:: PROVIDED RECORDS ::
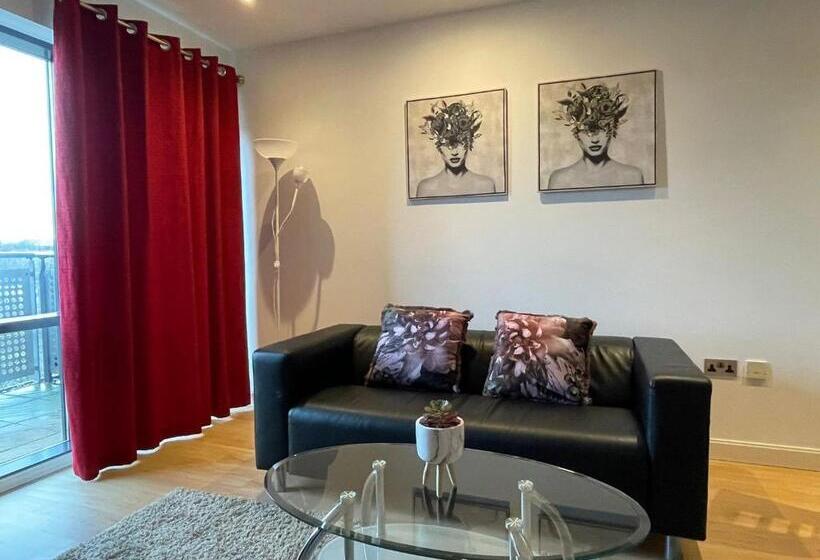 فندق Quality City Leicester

==

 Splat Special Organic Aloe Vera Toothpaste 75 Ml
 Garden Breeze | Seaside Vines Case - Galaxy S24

--

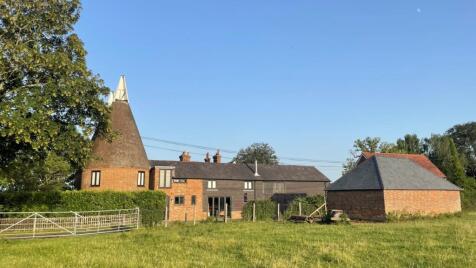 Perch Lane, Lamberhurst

:: EXERCISE BRIEF ::
Find "Splat Special Organic" in the entries above and copy that whole line exactly, then each line after it through the line that contains "Garden Breeze |".

:: WORKED SOLUTION ::
 Splat Special Organic Aloe Vera Toothpaste 75 Ml
 Garden Breeze | Seaside Vines Case - Galaxy S24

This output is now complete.